#### Work to complete:
The answer is an exact repeat of the entries below, with the pictures omitted.

[Captioned web images]
= Beginning of Section =

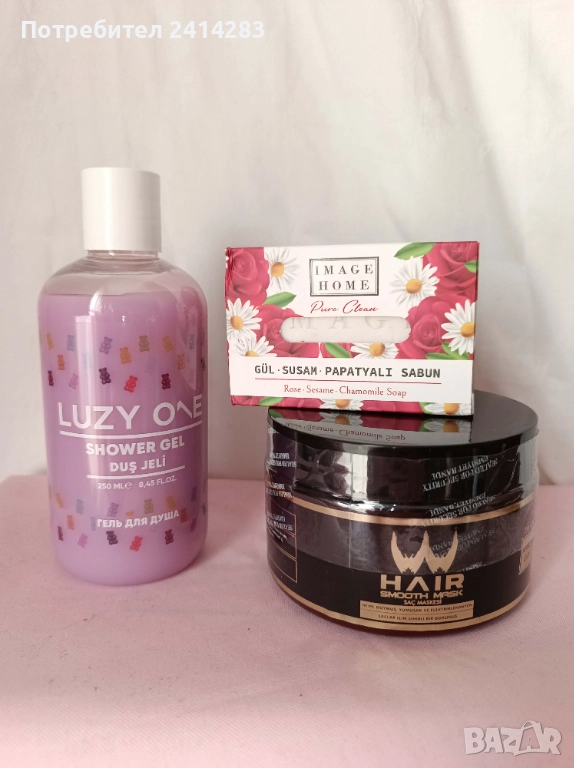 Промо комплект 856-маска коса,ароматен сапун 100 гр. и душ гел, снимка 1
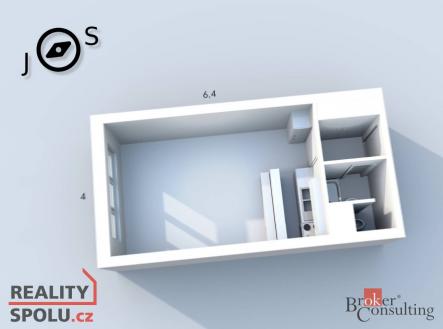 Prodej bytu, 1+kk, 32 m²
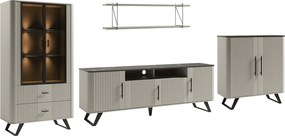 Set lemn masiv crem Living Santiago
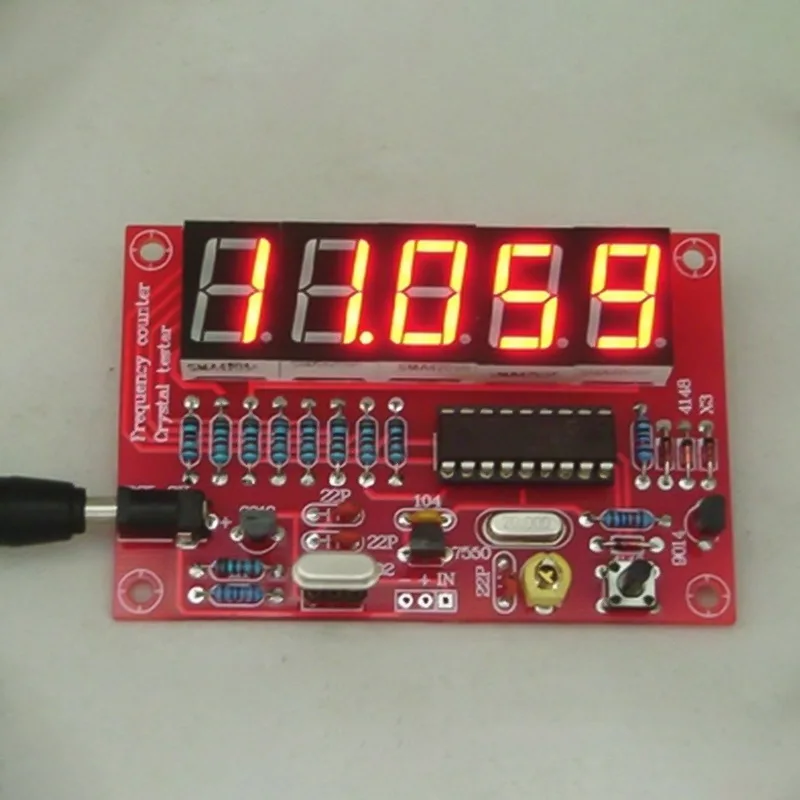 DIY цифровой СВЕТОДИОДНЫЙ Тестер Частотомер прибор для измерения уровня Kits1Hz 50MHz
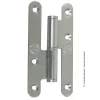 Diall Paumelle De Porte, Meuble Et Fenêtre-Paumelle parisienne gauche bout rond en Inox 140x55 mm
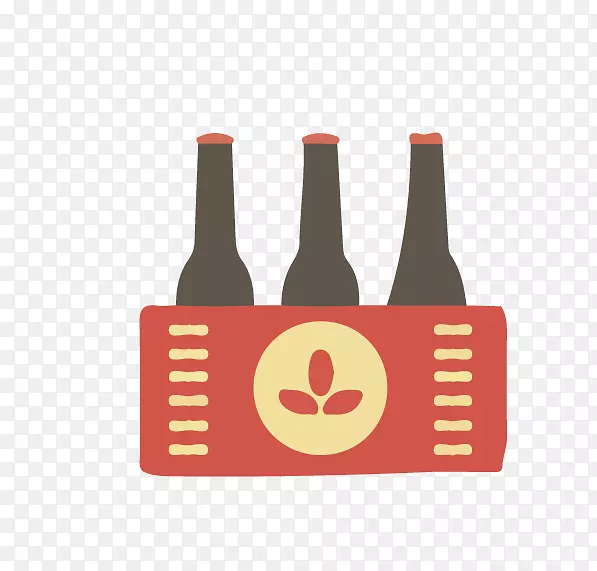 瓶夹艺术-卡通啤酒图标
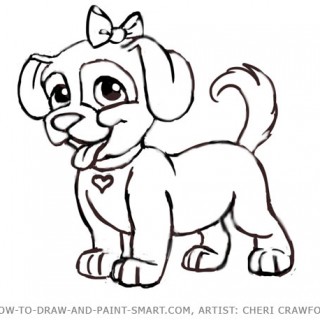 320x320 Tag For Cute Puppies To Draw Wikihow To Draw A Cute Puppy Via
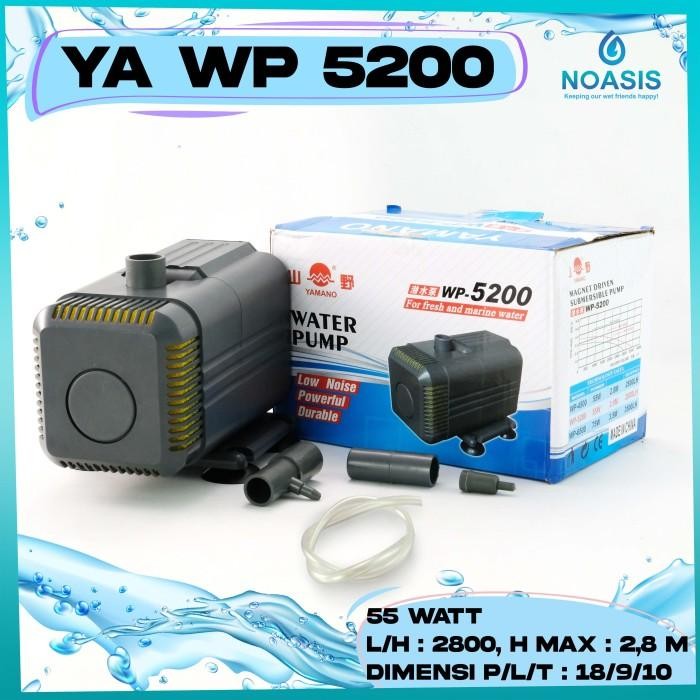 Pompa Air Celup Aquarium Yamano Wp 5200 Kolam / Hidroponik Wp-5200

= End of Section =

#### Exercise response:
 Промо комплект 856-маска коса,ароматен сапун 100 гр. и душ гел, снимка 1
 Prodej bytu, 1+kk, 32 m²
 Set lemn masiv crem Living Santiago
 DIY цифровой СВЕТОДИОДНЫЙ Тестер Частотомер прибор для измерения уровня Kits1Hz 50MHz
 Diall Paumelle De Porte, Meuble Et Fenêtre-Paumelle parisienne gauche bout rond en Inox 140x55 mm
 瓶夹艺术-卡通啤酒图标
 320x320 Tag For Cute Puppies To Draw Wikihow To Draw A Cute Puppy Via
 Pompa Air Celup Aquarium Yamano Wp 5200 Kolam / Hidroponik Wp-5200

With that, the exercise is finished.